The beauty of my hometown lies not only in its simple folk customs. Still on both sides of the verdant Qianhe River. On the hilly hills, under the pine trees, there are endless pine mushrooms and thatch mushrooms. There are also various unnamed sour fruits, grass roots, and sweet leaves. When the azaleas bloomed, the children ran wild all over the mountains and plains! I can also forget the grayness of the night in the joy of sunshine during the day. Now that I think about it, what precious memories they are! Such pure and natural love, love so naked, makes some social reality feel so embarrassing!

It has been several years since I went back to Qianhe, not because of Twilight’s childhood. But if I go back, there will be no place for me to stay. Dad, grandma, and brother passed away one after another. It was no less devastating than my twilight childhood; many elders who had cared for me during my childhood had either moved to counties, cities or better places. Either return to the earth and complete the great transformation of life. Even among the remaining young people, most of them have jumped out of the Qianhe River and have gone into deeper yearning. Now if I go there again, I'm afraid it will be like "children who don't recognize each other and laugh and ask where the guests are from."

But I always pay attention to Qianhe Cradle, which is in my dreams. I know: without my hometown, there would be no me. No matter whether I am living a good or bad life today, my hometown has given birth to me with her great love, as well as the generations of descendants of the folks on both sides of the Qianhe River.

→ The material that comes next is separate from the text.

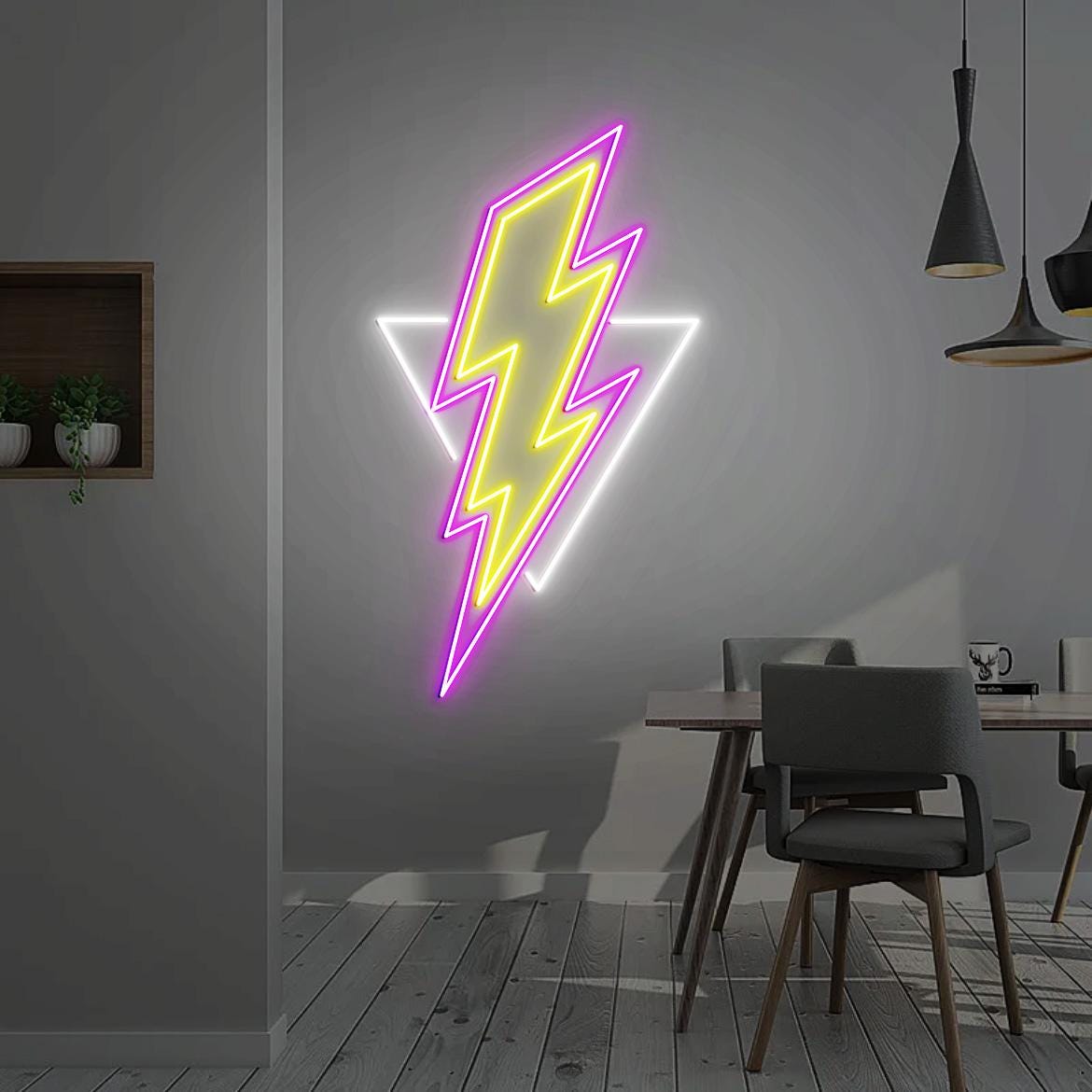 Lightning Bolt Neon Sign, Lightning Bolt Shape Wall Art, Thunder Bolt Lightning, Game Boy Room Decor, Bolt Gift for Kids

A few years ago, I heard that the Tianzhu Mountain Tourism Bureau in my hometown has joined forces with the Shuihou Tourism Bureau, the Anqing Municipal Tourism Bureau and nearby villagers to develop the Qianhe River in a standardized way according to local conditions. Qianhe, where children used to play and play in the waves, has been renovated time and time again, and now it has become a national five-star tourist attraction along the coast such as Baimatan Rafting and Shuihou Rafting, which are recommended by CCTV Travel Channel. Stand on an original bamboo raft and experience the magical shock of "emptying the turbid waves", youth football and volleyball on the golden beach under the sun, and the bonfire party with thousands of people, which attracts many Chinese and foreign tourists.

I jumped up with joy! I straighten my stalwart backbone in Qianhe River and shout to the world:

Do you want to experience the first drift of the famous Tianzhu White Horse at home and abroad? Please come to Qianhe River in Tianzhu, Anhui!